━━ GIVEN DATA

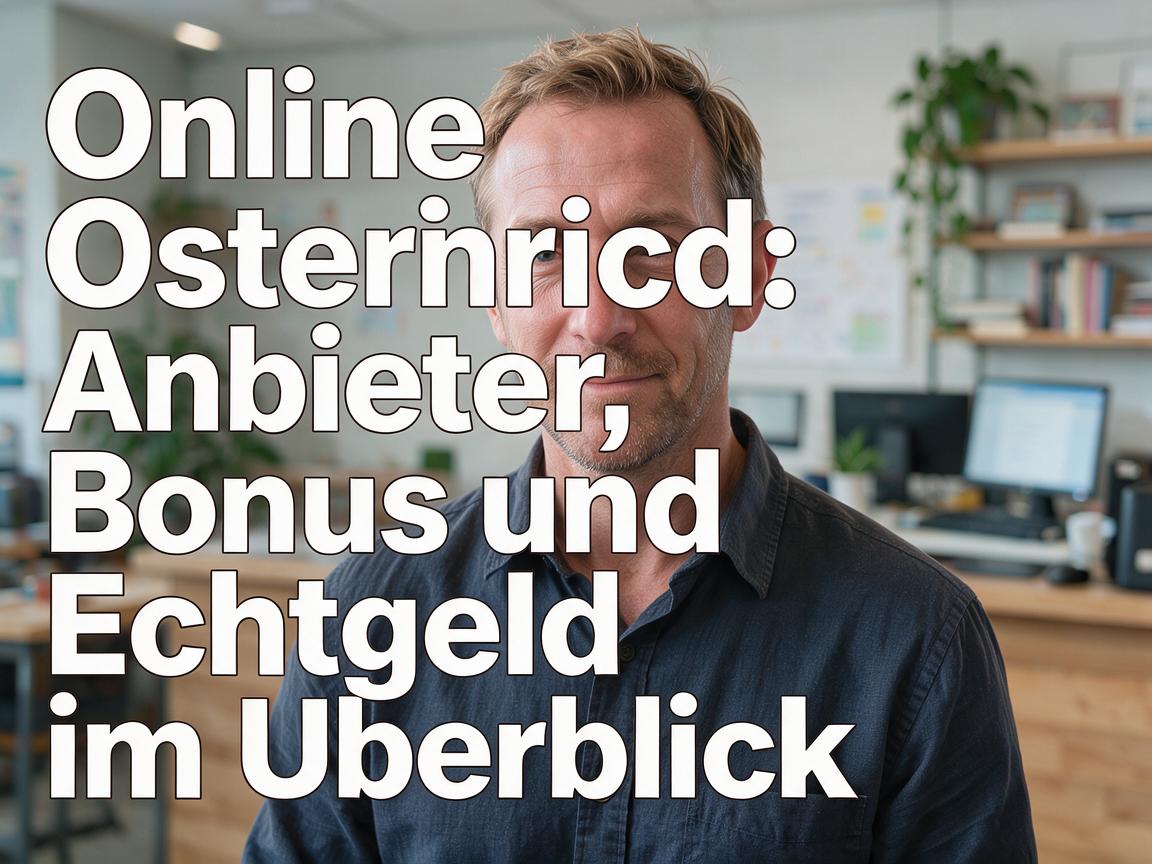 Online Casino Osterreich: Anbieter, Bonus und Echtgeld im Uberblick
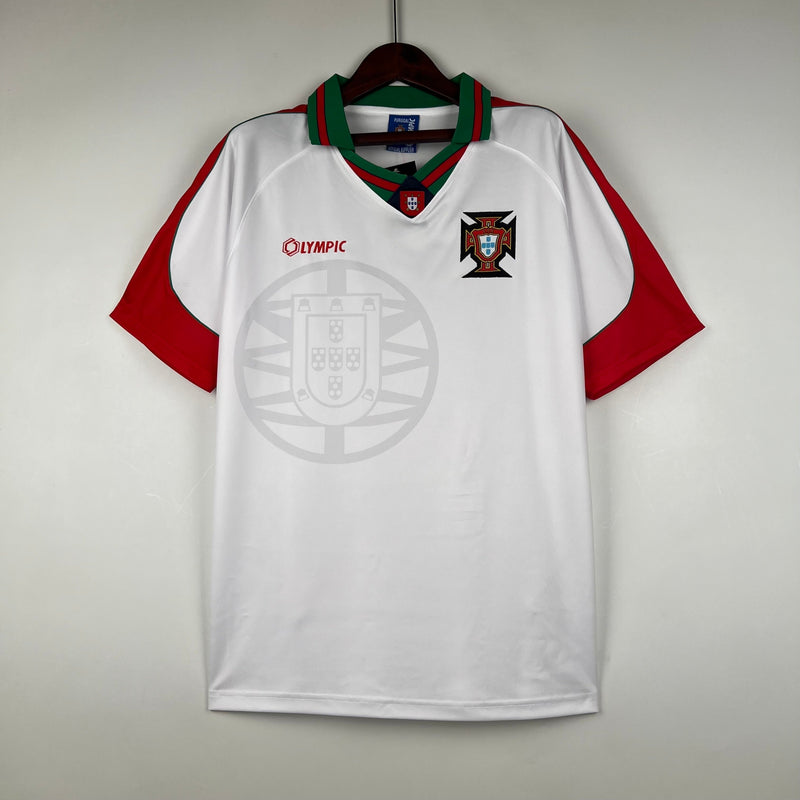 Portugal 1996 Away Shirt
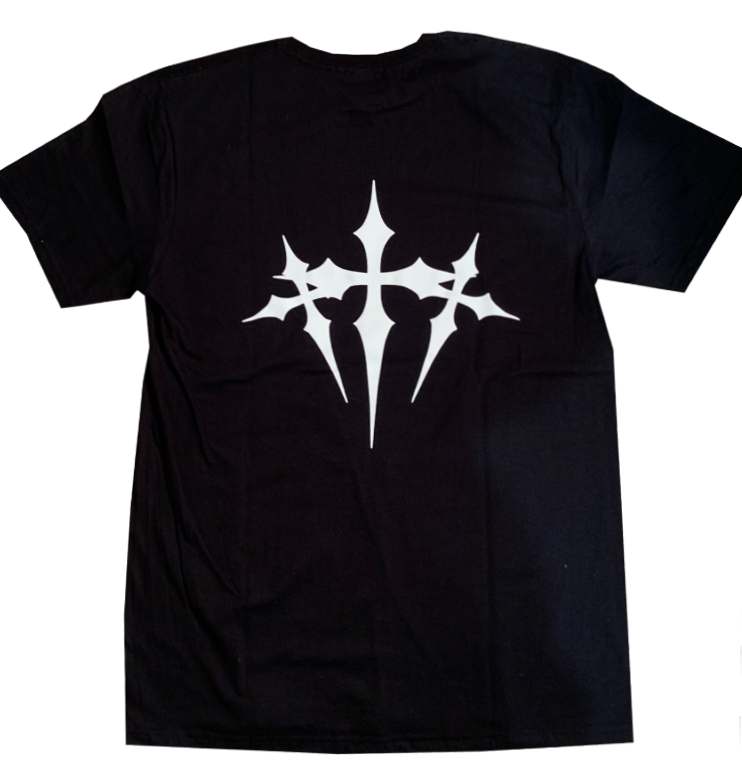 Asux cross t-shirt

━━━━

Repeat the listing in full and exactly. Leave any pictures out.

> **SOLUTION**:
 Online Casino Osterreich: Anbieter, Bonus und Echtgeld im Uberblick
 Portugal 1996 Away Shirt
 Asux cross t-shirt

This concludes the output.